• [Information given]
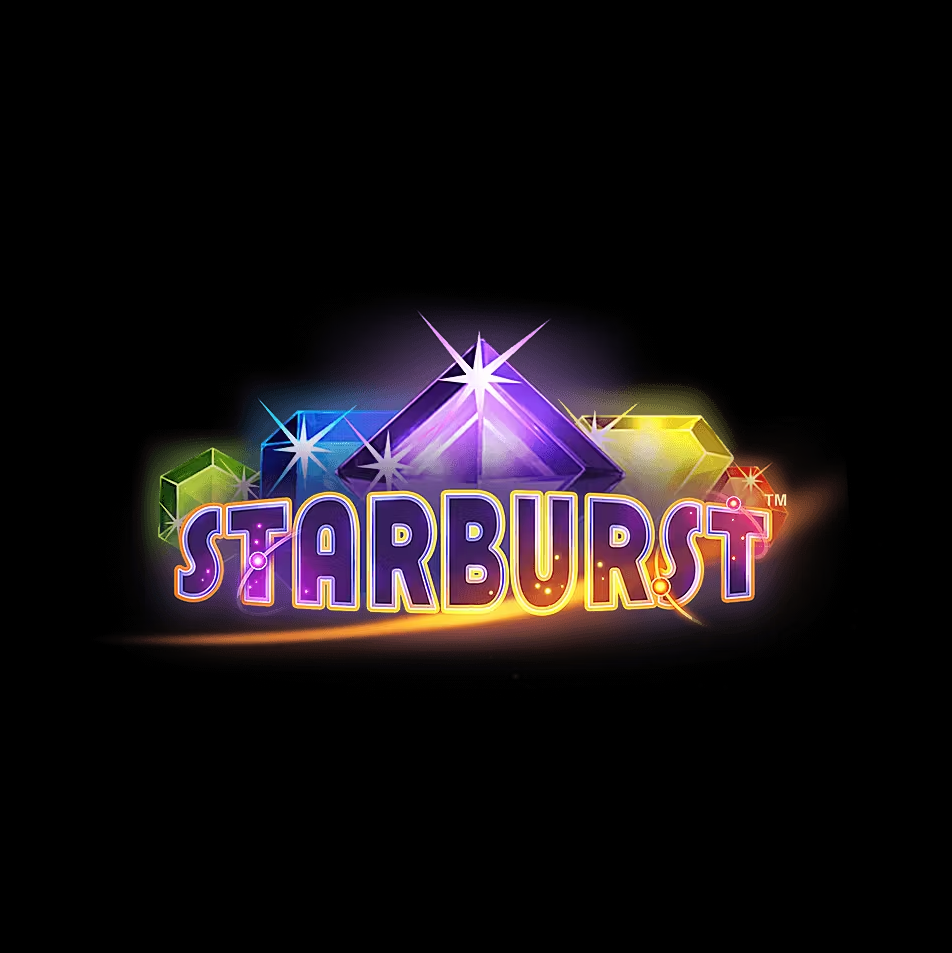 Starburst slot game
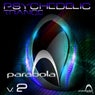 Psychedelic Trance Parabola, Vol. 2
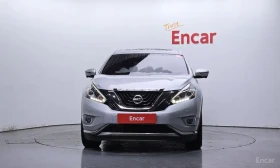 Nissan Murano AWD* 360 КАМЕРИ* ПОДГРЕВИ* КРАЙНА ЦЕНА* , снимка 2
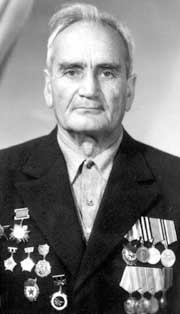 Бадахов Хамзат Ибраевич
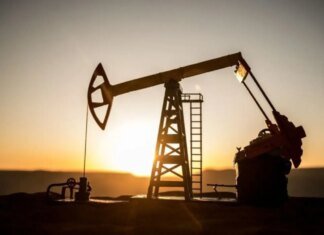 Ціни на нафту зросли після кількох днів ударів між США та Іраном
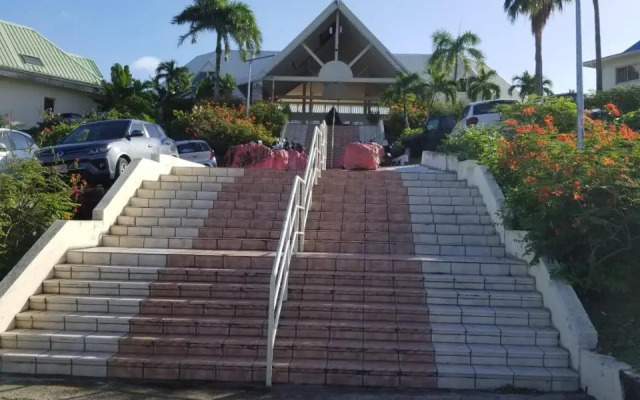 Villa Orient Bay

• [Task requirements] Copy out exactly, without any pictures, the lines above that begin at the one with "Ціни на нафту" and end at the last line of the listing.

• [Solution]
 Ціни на нафту зросли після кількох днів ударів між США та Іраном
 Villa Orient Bay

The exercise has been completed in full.